Barb, from Toledo, Ohio, described this tour the best--it started out slow but it got much better. Ken and I appreciated the slow start because we were not really awake. It took us about an hour to sail to the island. Then we had the opportunity to snorkel twice in stunningly beautiful waters, take photographs of the monkeys on the island and enjoy a beautiful buffet lunch on the beach before returning to the ship. There we discovered just how much laundry we had from our incredible adventure.

CHENNAI, INDIA: A Tour That Is Best Forgotten--April 3, 2012
To be totally honest, we have never visited Chennai. We only changed planes at the airport (on outstanding Kingfisher Air) when we were on our way to the Taj Mahal and India's Golden Triangle last year. However, our independent tour in Chennai so bad that it does not deserve a separate entry. All of us on the tour want to forget it. We were definitely taken advantage of by being underwhelmed and overcharged. Probably the most blatant example of our misuse was when our tour guide took us to a money exchanger where we received the worst exchange rate of anyone else on the Pacific Princess. Then our tour guide went back in the money changer's office after we had finished our transactions. No one on the tour doubted that she was receiving a kickback.

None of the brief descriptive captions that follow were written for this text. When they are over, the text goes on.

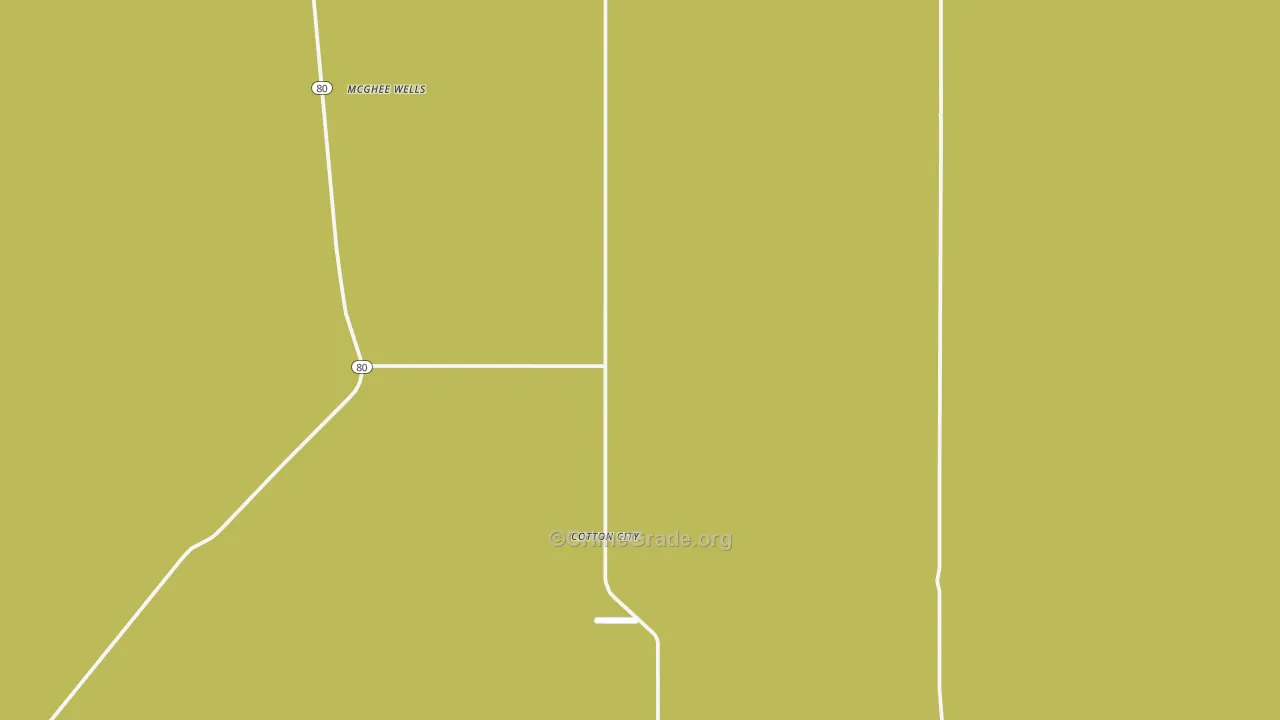 Cotton City, NM Map of Robbery Rates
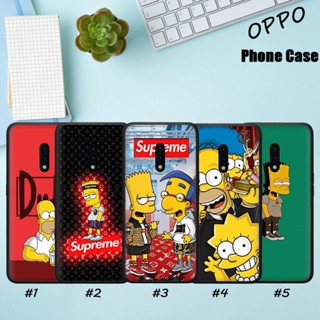 เคสโทรศัพท์มือถือ TPU แบบนิ่ม ลาย WV2 FH270 The Simpsons สําหรับ OPPO Reno 2 2Z 2F 3 4 4Z A92S 5 Lite Pro Plus 5G 4G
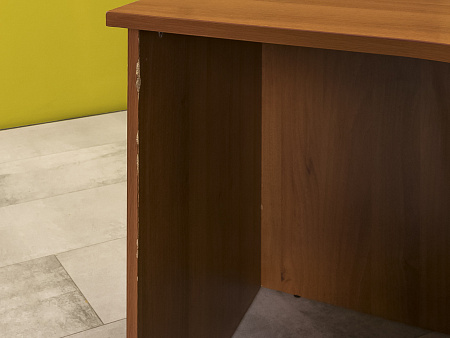 Офисный стол угловой  ЛДСП Орех  СПУХ-01125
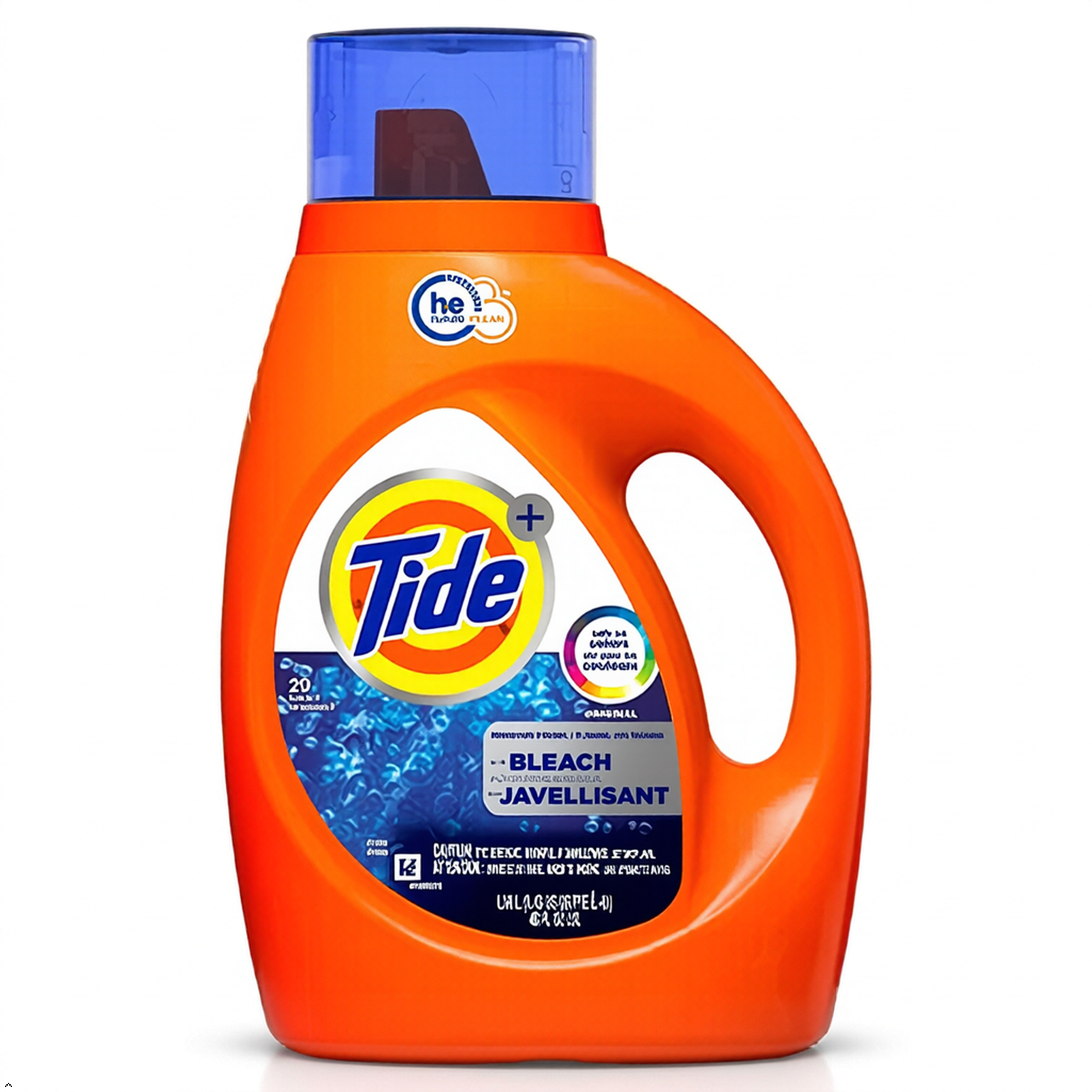 Tide Plus Bleach Alternative HE Liquid Laundry Detergent, 46 fl oz, 29 Loads Tide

To be fair, we did drive by Marina Beach, the second longest beach in the world, and toured the Tomb of Doubting Thomas and the National Museum where we saw beautiful bronze statues of the Hindu god. On the negative side, we stopped at a silk shop where the crepe silk top that I purchased was really polyester, did not see a dance performance for which we had paid because the students were taking an exam when we arrived, and did not stop at the Government Museum (we also paid the entrance fee) because our guide said it was not impressive but learned from other passengers who toured it that it had much to offer. All we seemed to do was drive back and forth along the same roads in incredible traffic jams. On our drive back to the port, our guide had the audacity to say that she wished we could stay longer in Chennai because there is so much to see. This tour made me want to auction off our 10-year visa to visit India to the highest visitor.

It seems that the best ship tours were the ones that took tours outside the city to different temples. We should mention the tour guide on one of the buses that went to Kanchipuram, the "golden city of 1,000 temples," who received many negative reviews. She had the passengers on her bus take off their shoes three blocks before the major temple and walk barefooted on hot pavement and rocky roads to the temple. Parts of India really need to get their acts together and treat visitors properly.

MUMBAI, INDIA: Mumbai Magic is as Magical as Ever--April 7, 2012
While this is the third time that we have visited Mumbai, our tour deserves a separate entry, which I will write eventually. Mumbai Magic provided us with an outstanding customized tour that showed us the contrasts of the city. The tour started with a stop at the Sassoon Docks, where the smell of fish overwhelmed us both with smell and sight. Then we traveled to Bandra, the wealthiest section of the city with its old money; Bandra, the "Queen of the Suburbs" with its new money; and Dharavi, Asia's largest slum that breaks any stereotypical depictions one has of the poor. This is the slum in which scenes for the Academy-Award winning movie, Slum Dog Millionaire, were shot. I am writing an article about Dharavi that I hope a newspaper or magazine will publish. Do any of you have any suggestions for publication to which I should submit the article?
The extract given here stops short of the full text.